Extracted data:
──────────

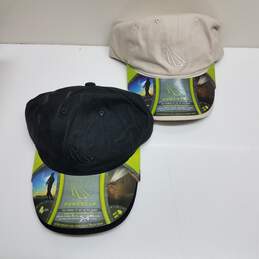 Lot of 2 light up baseball hats with built in headlamps with tags - powers on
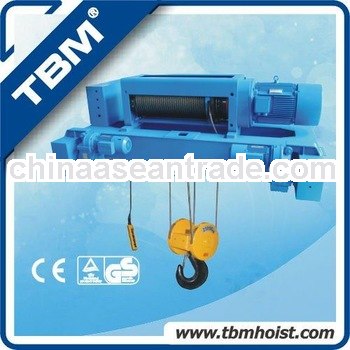 Double Rail Wire Rope Overhead Crane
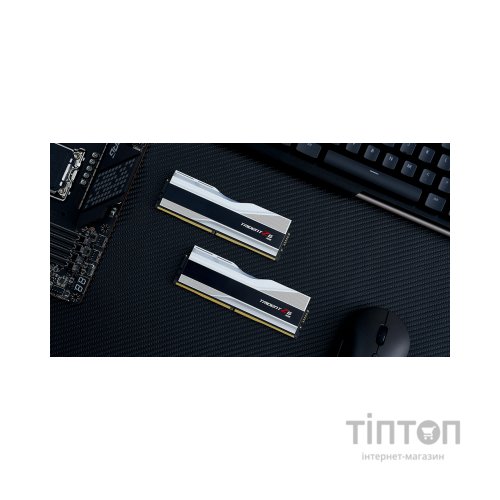 Модуль пам'яті для комп'ютера DDR5 32GB (2x16GB) 6000 MHz Trident Z5 RGB Silver G.Skill (F5-6000J3636F16GX2-TZ5RS)
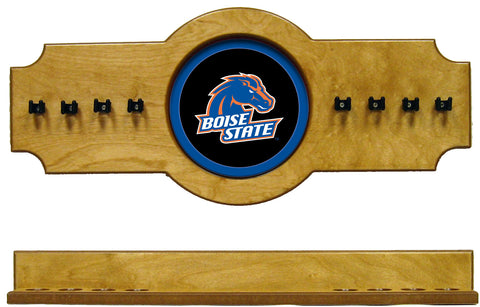 NCAA Boise State Broncos 2 pc Hanging Wall Pool Cue Stick Holder Rack - Oak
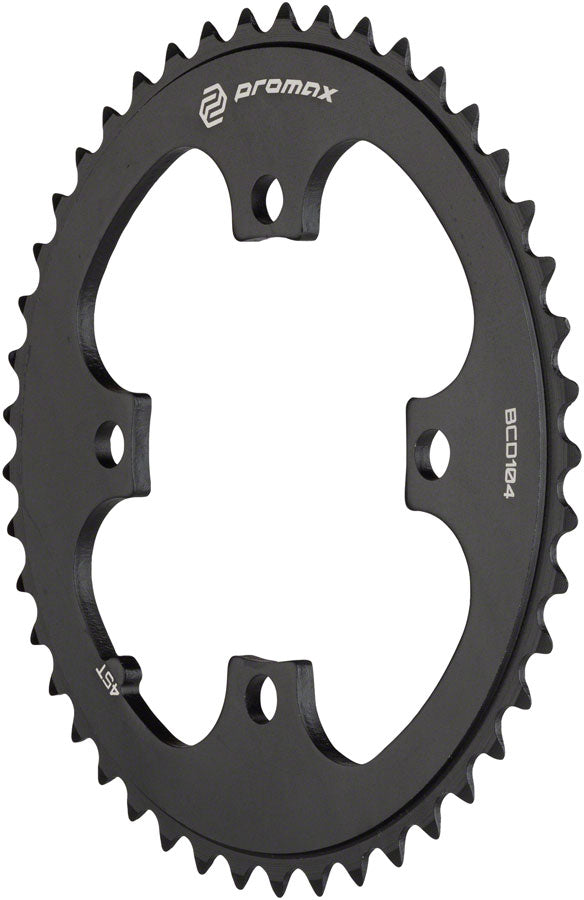 Promax 4-Bolt Chainring - 45t 104 BCD Black Chainrings Promax   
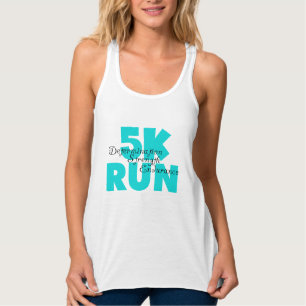 5K Run Aqua Sports Running Singlet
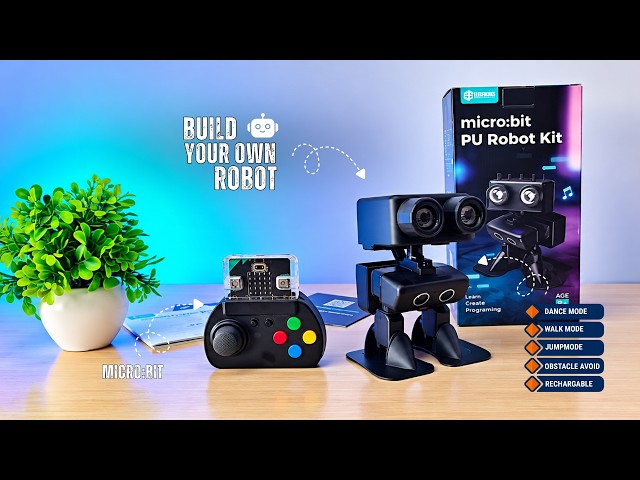 ELECFREAKS Micro:Bit PU Robot Kit Review & Build | 6-DOF Humanoid Robot with MakeCode & Python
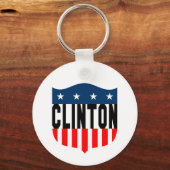 Porte-clés hillary clinton étoiles et rayures (Recto)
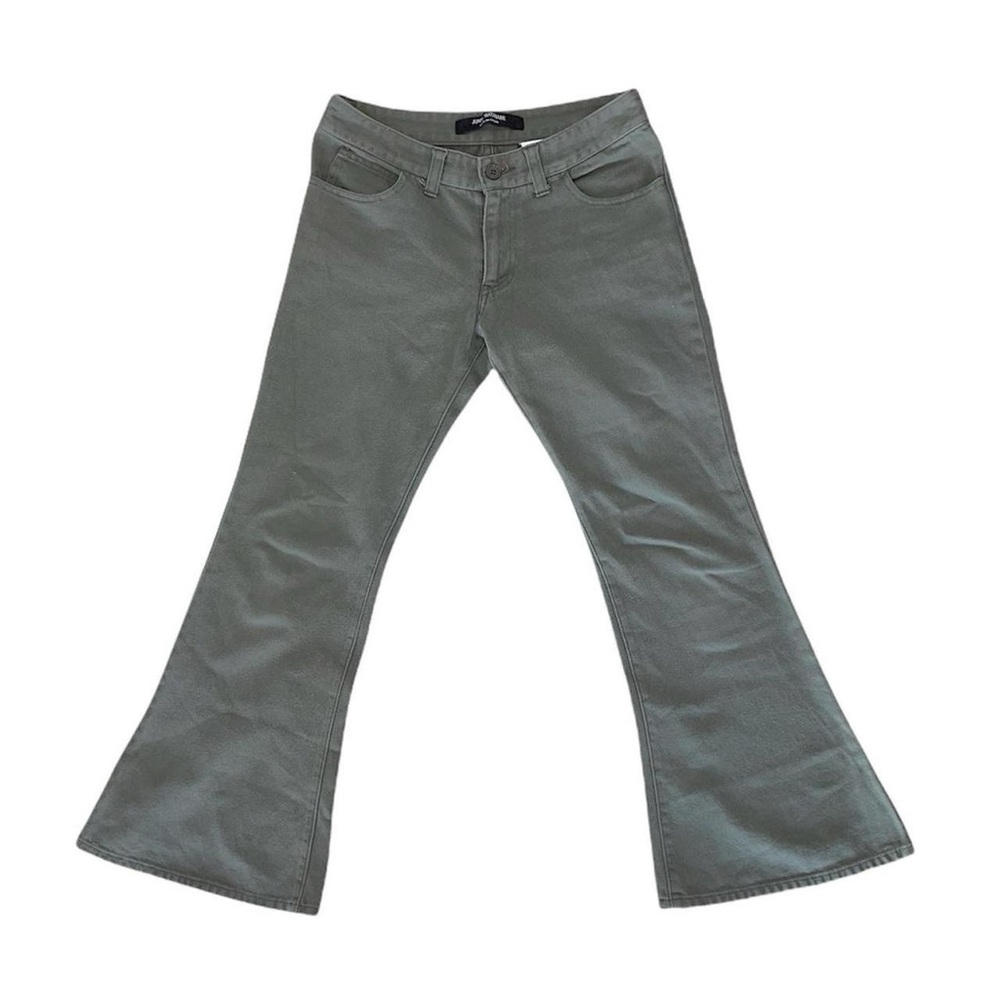 Junya Watanabe Comme Des Garçons cropped flared jeans.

──────────

Task to carry out: Retype, exactly and only, the lines from the one containing "NCAA Boise State" through the end of the entries, both ends included, and omit all pictures.

Result for this exercise:
 NCAA Boise State Broncos 2 pc Hanging Wall Pool Cue Stick Holder Rack - Oak
 Promax 4-Bolt Chainring - 45t 104 BCD Black Chainrings Promax   
 5K Run Aqua Sports Running Singlet
 ELECFREAKS Micro:Bit PU Robot Kit Review & Build | 6-DOF Humanoid Robot with MakeCode & Python
 Porte-clés hillary clinton étoiles et rayures (Recto)
 Junya Watanabe Comme Des Garçons cropped flared jeans.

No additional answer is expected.